Well, let's say I want to figure out the probability for a session of length n. We'll assume I know the probability for a session of length n-1, which we'll call p, and which is some value between 0 (no chance at all) and 1 (100% chance). I picture it something like this:


0....................0.5.....................1
ppppppppxxxxxxxxxxxxxxxxxxxxxxxxxxxxxxxxxxxxxx

This is kind of a random-o-meter. 'p' is the probability that we've already had a duplicate, and 'x' is what's left over. So, here's how I think of it: We're throwing a random dart at the meter. If it hits 'p', we had a duplicate even before we hit the current song. If we hit an x, we MIGHT still have a duplicate, because the current song might be the duplicate. What are the chances of that?

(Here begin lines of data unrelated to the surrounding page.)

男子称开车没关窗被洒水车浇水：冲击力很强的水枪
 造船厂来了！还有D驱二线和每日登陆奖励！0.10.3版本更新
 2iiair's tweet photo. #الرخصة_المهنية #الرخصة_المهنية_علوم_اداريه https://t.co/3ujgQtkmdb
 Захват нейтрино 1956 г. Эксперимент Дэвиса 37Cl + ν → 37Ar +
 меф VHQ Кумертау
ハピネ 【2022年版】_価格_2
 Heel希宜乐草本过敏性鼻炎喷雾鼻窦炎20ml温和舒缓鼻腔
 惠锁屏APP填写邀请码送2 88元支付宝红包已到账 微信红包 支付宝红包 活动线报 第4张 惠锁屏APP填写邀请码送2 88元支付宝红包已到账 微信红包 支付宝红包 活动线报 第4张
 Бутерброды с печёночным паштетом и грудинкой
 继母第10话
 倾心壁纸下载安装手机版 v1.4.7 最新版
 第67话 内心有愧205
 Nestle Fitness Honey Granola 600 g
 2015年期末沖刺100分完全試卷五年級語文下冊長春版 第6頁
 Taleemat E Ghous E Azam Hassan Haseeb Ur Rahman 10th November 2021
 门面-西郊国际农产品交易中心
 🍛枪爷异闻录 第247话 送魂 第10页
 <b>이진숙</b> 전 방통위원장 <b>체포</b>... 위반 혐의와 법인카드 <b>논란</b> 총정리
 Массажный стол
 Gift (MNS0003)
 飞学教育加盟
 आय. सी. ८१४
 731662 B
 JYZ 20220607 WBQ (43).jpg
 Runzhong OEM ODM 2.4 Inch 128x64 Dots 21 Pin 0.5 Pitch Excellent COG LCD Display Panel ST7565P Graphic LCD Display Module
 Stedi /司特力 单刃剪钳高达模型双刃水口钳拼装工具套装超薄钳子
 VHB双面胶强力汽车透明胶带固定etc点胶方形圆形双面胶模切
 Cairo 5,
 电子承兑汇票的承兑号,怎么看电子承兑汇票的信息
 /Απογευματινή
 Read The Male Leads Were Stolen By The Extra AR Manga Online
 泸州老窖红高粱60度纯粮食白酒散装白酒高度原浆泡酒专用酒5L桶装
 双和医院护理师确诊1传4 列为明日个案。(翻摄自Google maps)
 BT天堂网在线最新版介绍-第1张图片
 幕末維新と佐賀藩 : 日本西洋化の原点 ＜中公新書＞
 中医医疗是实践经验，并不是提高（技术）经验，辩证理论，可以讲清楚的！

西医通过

Well, we know that we've already played n-1 songs, and none of them were duplicates (or our dart would have landed on p). There are 1,641 songs to choose from, and there's an (n-1)/1641 chance that this time, we will pick a duplicate. So, if we land in the x region, then (n-1) in 1641 times, we still get a duplicate. So the probability is:

p: The chance that we have already played a duplicate
PLUS
The chance of hitting the x region (1-p) TIMES the chance of playing a duplicate (n-1)/1641

We already know the values for n=1 and n=2, but now we have some rules for figuring out additional values:

1: 0
2: 0.06%
3: 0.18%
4: 0.36%
5: 0.61%
10: 2.7%
20: 10.97%
30: 23.41%
50: 52.96%
100: 95.4%
200: 99.99997%

I hope that was enlightening.

5 comments:

Cavan said...

Thanks, dude.

Anonymous said...

"in a 1,642 song session, the chances hit 100%. A 1,641 song session has an extremely small chance of playing each song exactly once."

The first part here sounds like you're talking about a combination; the second like a permutation.

If you are indeed permuting (that is, a song may be played twice before every other song has been played), the chance of hearing the same song twice in a 1,642-song session isn't 100%.

If you're doing a combination, a 1,641-song session is guaranteed to play each song once by definition.

And you're kind of fuzzy about whether you're talking about repeating one particular song or repeating any song. This post didn't really make a lot of sense to me.

Shana said...

Oh.

Adam said...

Peter, I was referring to the odds that you would hear any of your songs twice while using Party Shuffle in iTunes. It's neither a permutation nor a combination.

It might help if you think of it using the alphabet--I'm building a word with random letters, with duplicated permitted--but what are the chances of actually having a duplicate pair of letters anywhere in the word? A single-character word has a 0% chance of having the same letter occur twice. There are 676 (26*26) two-character words, and 26 of them are the same letter twice, so those odds are 1/26. A 26 character word has a small chance of containing every letter exactly once, and all the other possibilities contain duplicates. A 27 character word must, by definition, contain some letter twice.

Adam said...

change "duplicated permitted" to "duplication permitted." Bah!